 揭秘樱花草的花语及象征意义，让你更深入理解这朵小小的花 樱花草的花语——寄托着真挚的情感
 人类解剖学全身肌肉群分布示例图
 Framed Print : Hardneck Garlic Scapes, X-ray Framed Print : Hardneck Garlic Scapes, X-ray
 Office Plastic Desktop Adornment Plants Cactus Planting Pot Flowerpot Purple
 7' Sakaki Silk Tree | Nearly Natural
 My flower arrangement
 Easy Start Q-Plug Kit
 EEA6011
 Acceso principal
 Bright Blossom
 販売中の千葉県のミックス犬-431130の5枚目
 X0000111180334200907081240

§

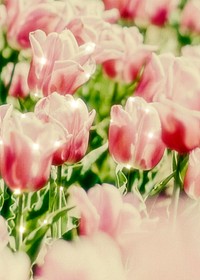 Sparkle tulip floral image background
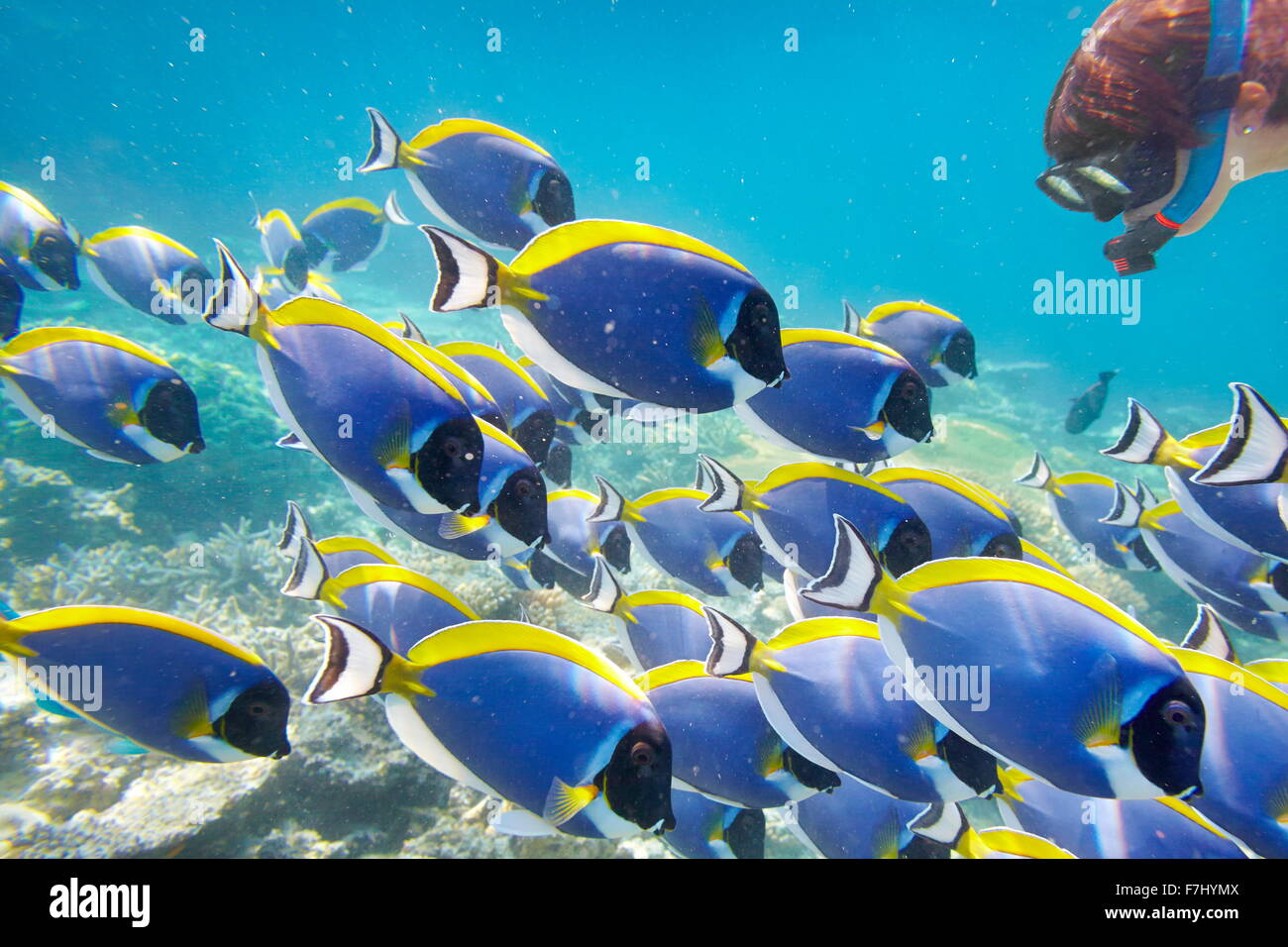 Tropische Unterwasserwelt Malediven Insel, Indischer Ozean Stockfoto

§

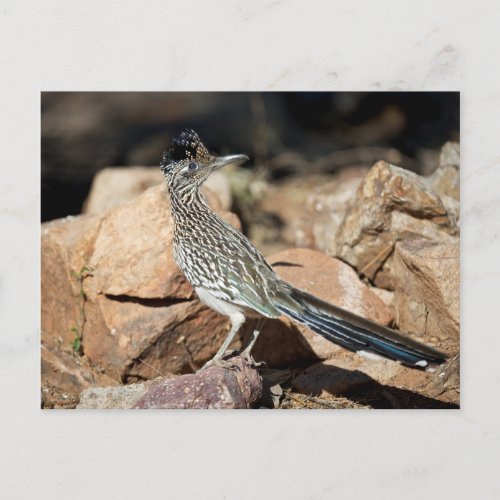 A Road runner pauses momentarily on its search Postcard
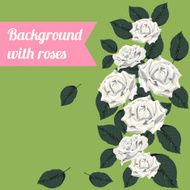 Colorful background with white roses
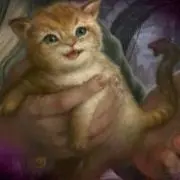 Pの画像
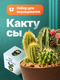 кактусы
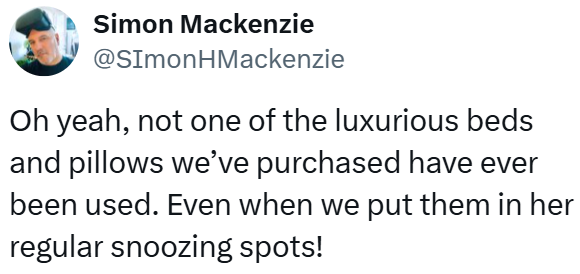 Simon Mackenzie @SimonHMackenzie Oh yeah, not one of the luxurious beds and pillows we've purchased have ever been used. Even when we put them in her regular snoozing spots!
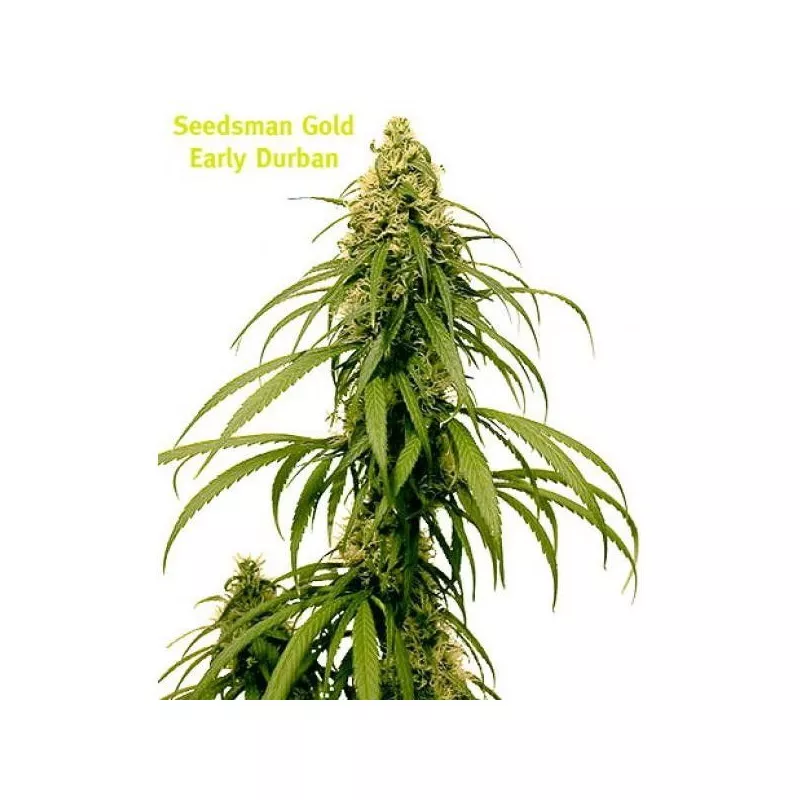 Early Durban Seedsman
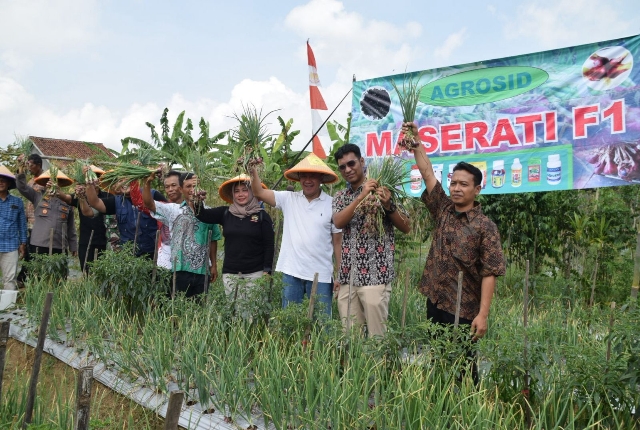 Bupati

§

→ TO DO:
Begin with the line that has "Office Plastic Desktop" in the listing above and end after the line that has "X0000111180334200907081240"; output those lines exactly.

→ PROBLEM SOLUTION:
 Office Plastic Desktop Adornment Plants Cactus Planting Pot Flowerpot Purple
 7' Sakaki Silk Tree | Nearly Natural
 My flower arrangement
 Easy Start Q-Plug Kit
 EEA6011
 Acceso principal
 Bright Blossom
 販売中の千葉県のミックス犬-431130の5枚目
 X0000111180334200907081240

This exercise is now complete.